Lending a Helping Hand
Volunteers are not uncommon at Water Works Environmental Education Center.
They often come from nearby high schools and are put to work by volunteer coordinator Shann Purinton. Typically, they work the grounds by clearing brush, keeping an eye on gopher tortoises living on the 10-acre property or tackling other projects assigned to them.
Many have come and gone, but a group of students from Q.I. Roberts Junior-Senior High School lately are the most consistent.
On Wednesday, they were tasked with labeling plants growing throughout the property to track their locations and to provide visitors a chance to put names to the myriad of shrubbery they might encounter.
The three students who arrived Wednesday are officers of Q.I. Roberts’ FFA. Brian Banfield, the club’s president, said they got involved at the center after their faculty adviser came to an agreement with Purinton.
Tristen Lewis and Breawna Smith — the club’s vice president and secretary, respectively — have volunteered at the center with Banfield virtually every Wednesday since January.
While coordinators at the center direct volunteers, Purinton said she encourages them to find their own pet projects while they work. Part of that is making sure volunteers are familiar with the grounds.
“First and foremost, I’m a teacher. And to me, education is the key to whatever you’re trying to accomplish,” she said. “So being out here and having them discover what they like nurtures their desire to learn and have fun.”
The purpose of the nature projects is to teach student volunteers about the center’s work as well as having them experience the county’s native wildlife.
Palmer Kinser, a retired environmental scientist at St. Johns River Water Management District who volunteers at the center, said experiencing nature’s sounds, smells and sights can be more important than reading about them elsewhere.
“It’s not like just watching it on TV, where the resolution is good. This is the real thing,” he said.”
For many of the volunteers, the experience has expanded their horizons. Smith, a freshman, said the experience sparked an interest in the center’s fauna.
“I’ve always had a thing for animals, so it’s nice to be able to flip that,” she said.
To others, it’s a chance to escape while contributing to the community.
“Learning about nature is one thing, but it’s also about an enjoyment of simple things,” Banfield said. “In high school, we have tests and grades to worry about, so volunteering here gives us a chance to have a good time. And if we can give back to the community, that’s good, too.”
Some of the plants labeled are located on the north side of the property, where a fence installed by city of Palatka officials closes off Water Works from South 12th Street.
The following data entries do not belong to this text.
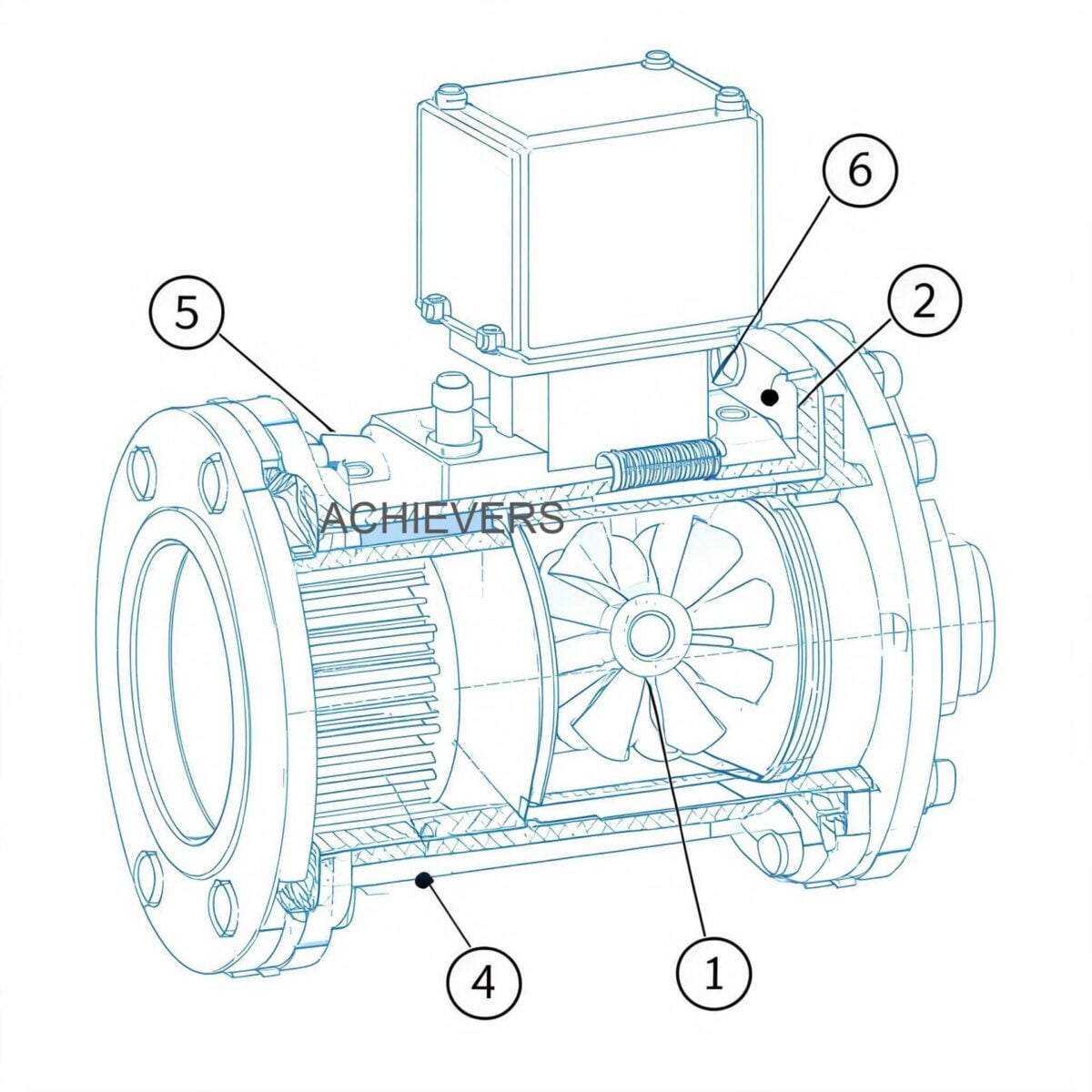 Schematic or cross-section of Diesel Dispensers showing internal flow path, bypass valve routing, and metering chamber positions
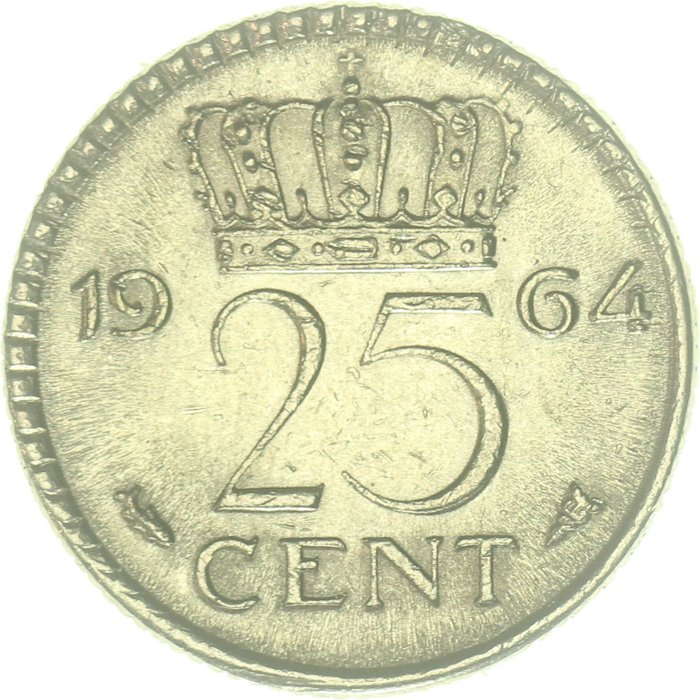 Nederland - 25 Cent 1964 misslag Juliana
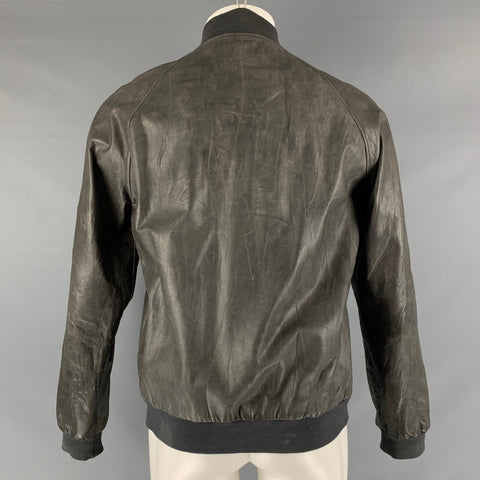 MARC JACOBS Size 40 Grey Leather Bomber Jacket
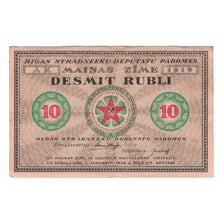 Biljet, Letland, Riga's Workers Deputies' Soviet, 10 Rubles, Texte, 1919, TTB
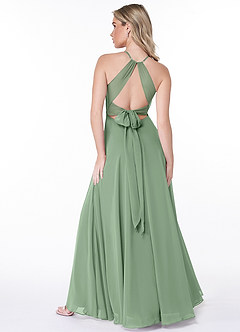 Azazie Evalleen Bridesmaid Dresses Matcha A-Line Pleated Chiffon Dress image4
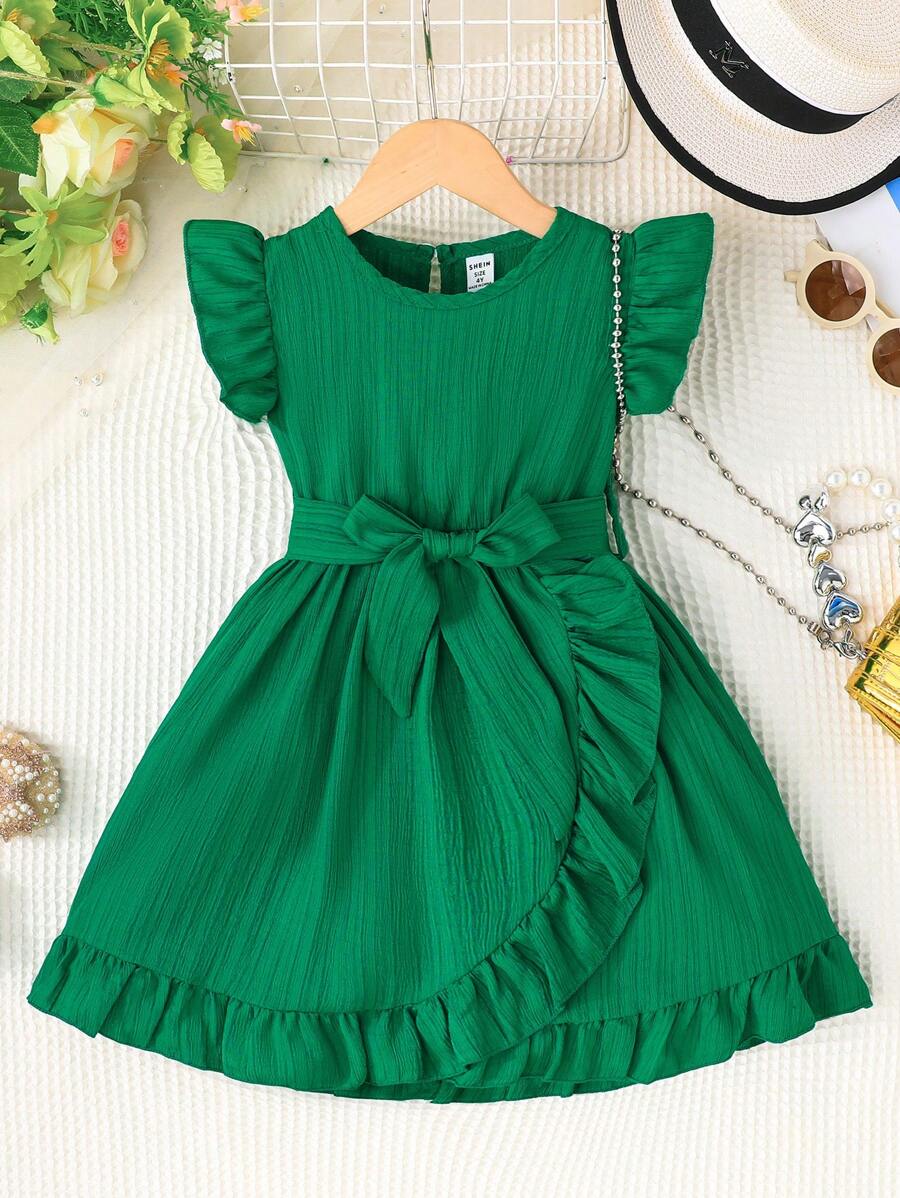 SHEIN Young Girl Comfortable Casual Ruffle Hem Dress With Waist Belt, Summer - Green - View 1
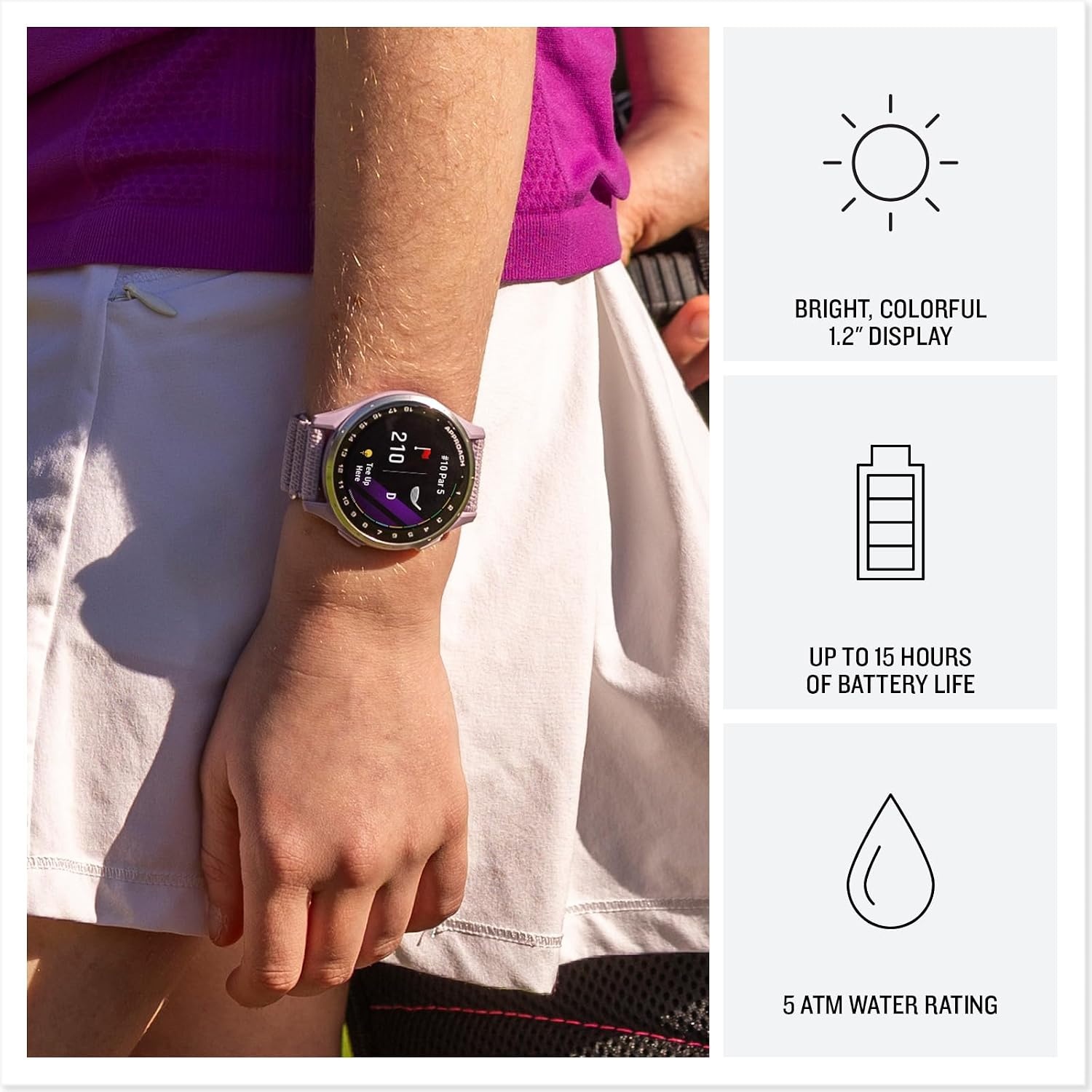 image:imageGarmin Approach J1 Junior Golf Watch with GPS Bright and Colorful Display TeeOff Guidance Essential Features for Learning and Improving Black 12 Amoled Touchscreen TeeOff Guidance Personal Par PaceofPlay 43 000 Plus Courses Up to 15 Hr GPS 5 AtmLilac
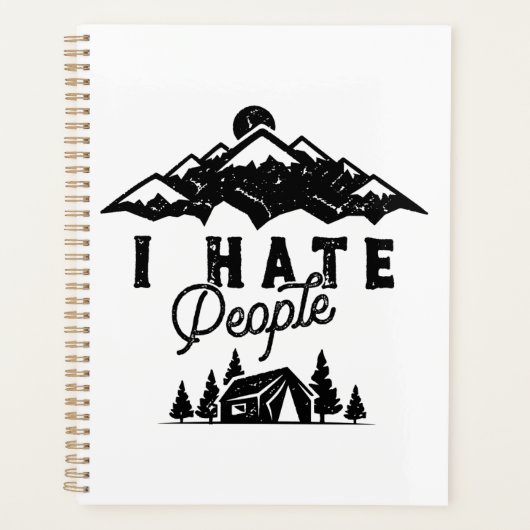 Grappig anti-sociaal kamperen ik haat mensen planner (Voorkant)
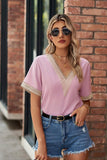 GOLD LACE POINT V NECK CHIFFON BLOUSE - Doublju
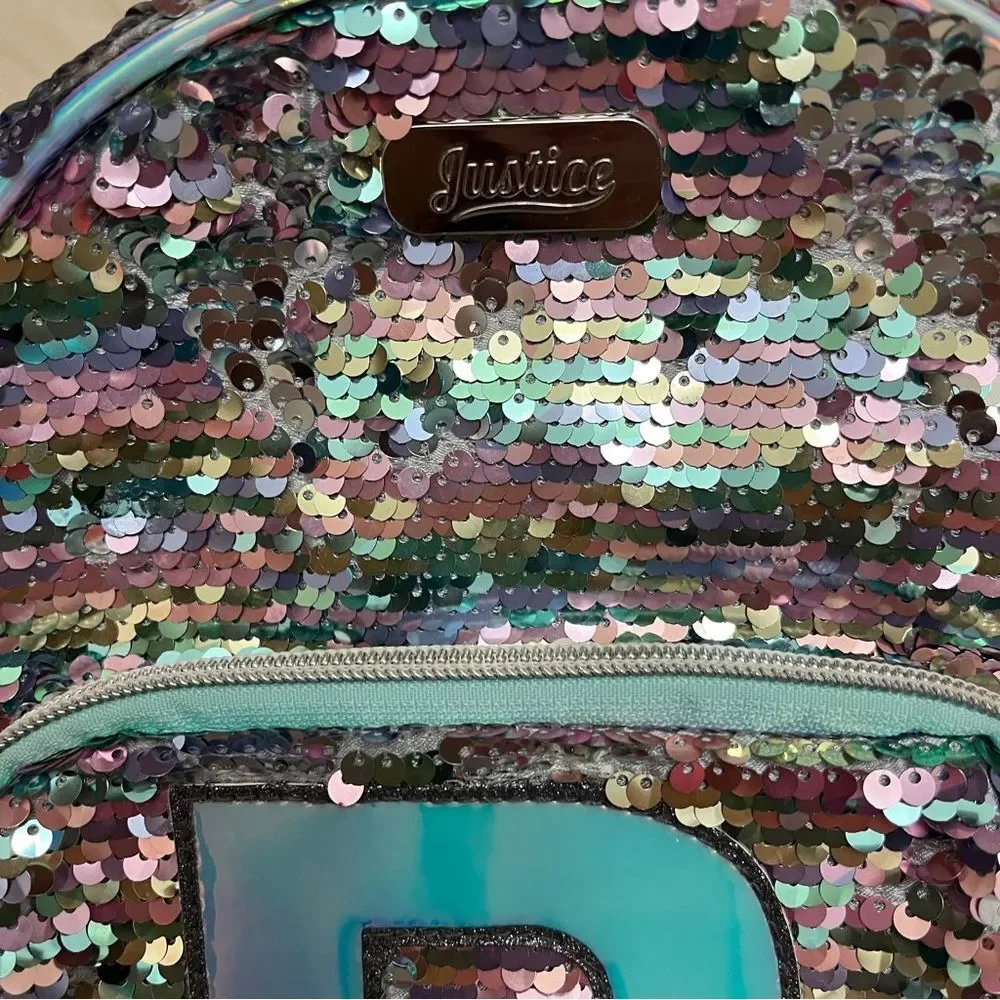 Justice Girls Sequin Backpack with Letter “P”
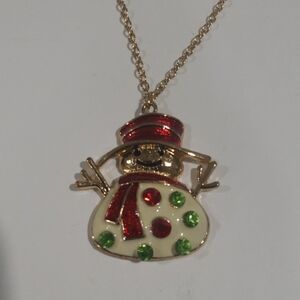 Festive Snowman Pendant Necklace - Red, Green, & Gold - women's Fashion Jewelry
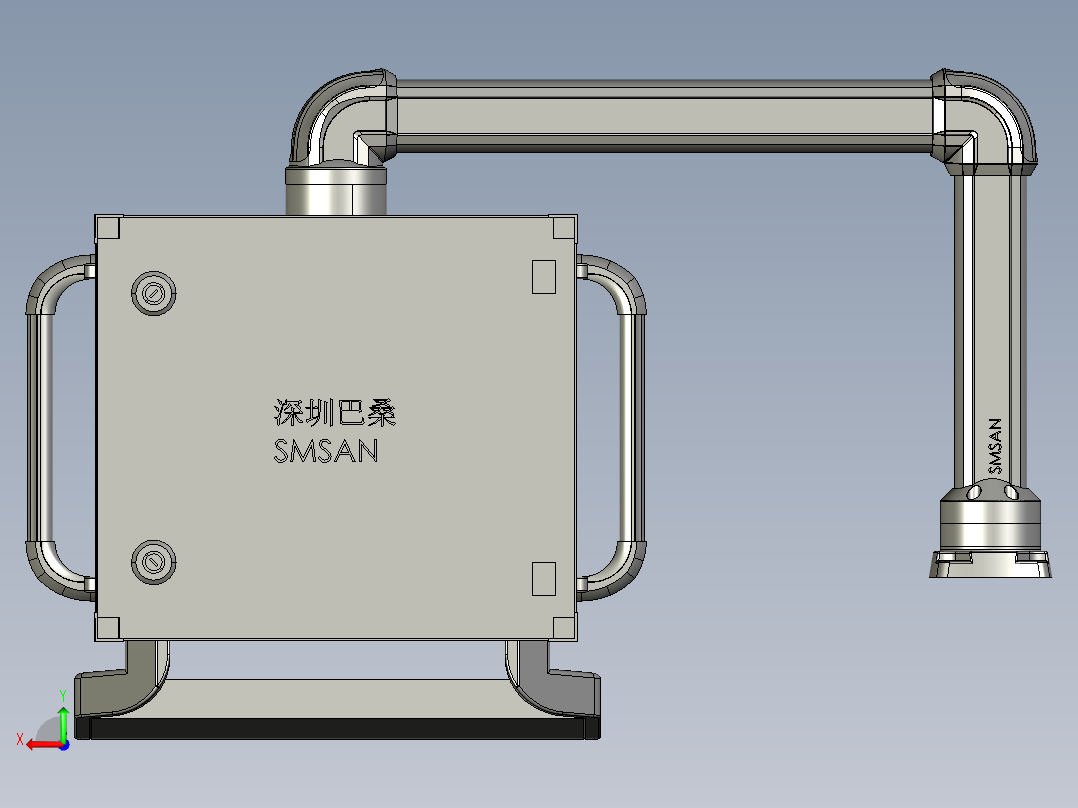 悬臂控制操控箱键盘支架-E1-旋转底座-转交-90度箱体连接器-300-500后视图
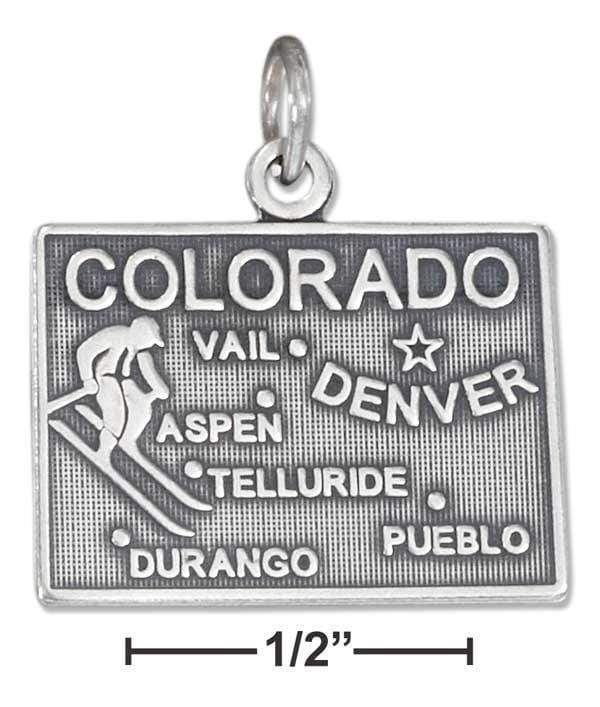 Silver Charms & Pendants Sterling Silver Antiqued Colorado State Charm JadeMoghul Inc.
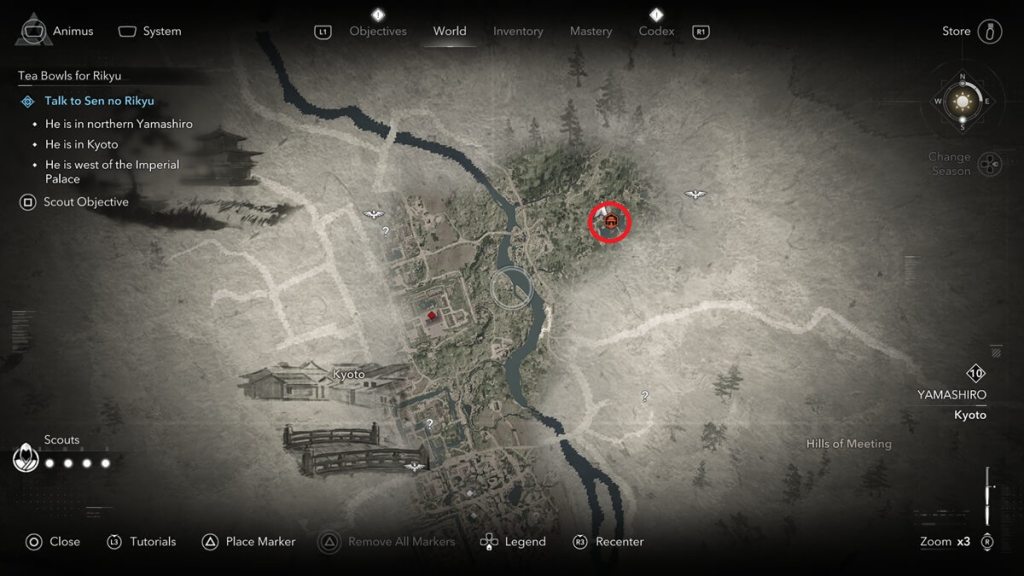 Assassin's Creed Shadows screenshot of the Kuji-kiri location: Ginkakuji Garden.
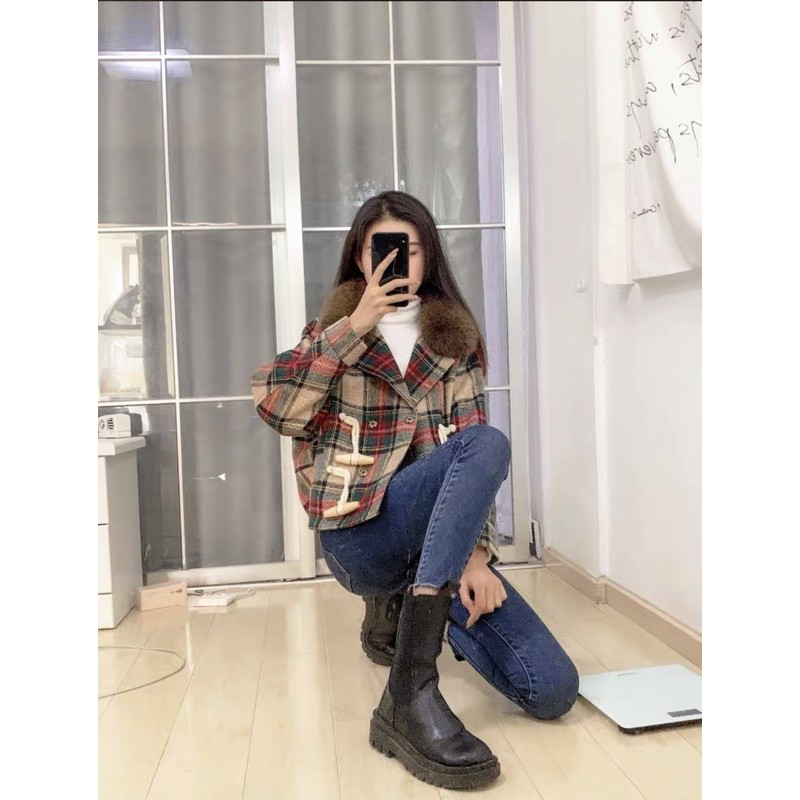 Áo khoác dạ kẻ cổ lông TQXK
Hopefully, Purinton said, the plants grow and cover the fence to beautify that section of the property.
“Our vision of this place is to have people come in, enjoy nature and maybe even have a picnic,” she said. “I think part of nature is that it shouldn’t just be preserved, but enjoyed.”
Smith and Lewis, a junior, plan on returning to the center next school year. As for the summer, they hope to visit periodically, depending on their schedules.
“I hope to come here for the rest of my high school years,” Smith said.
Banfield, however, will enroll at the University of Florida’s mechanical engineering program after he graduates this school year. Whenever he returns to Putnam County, he said, he will try to contribute to the center however he can.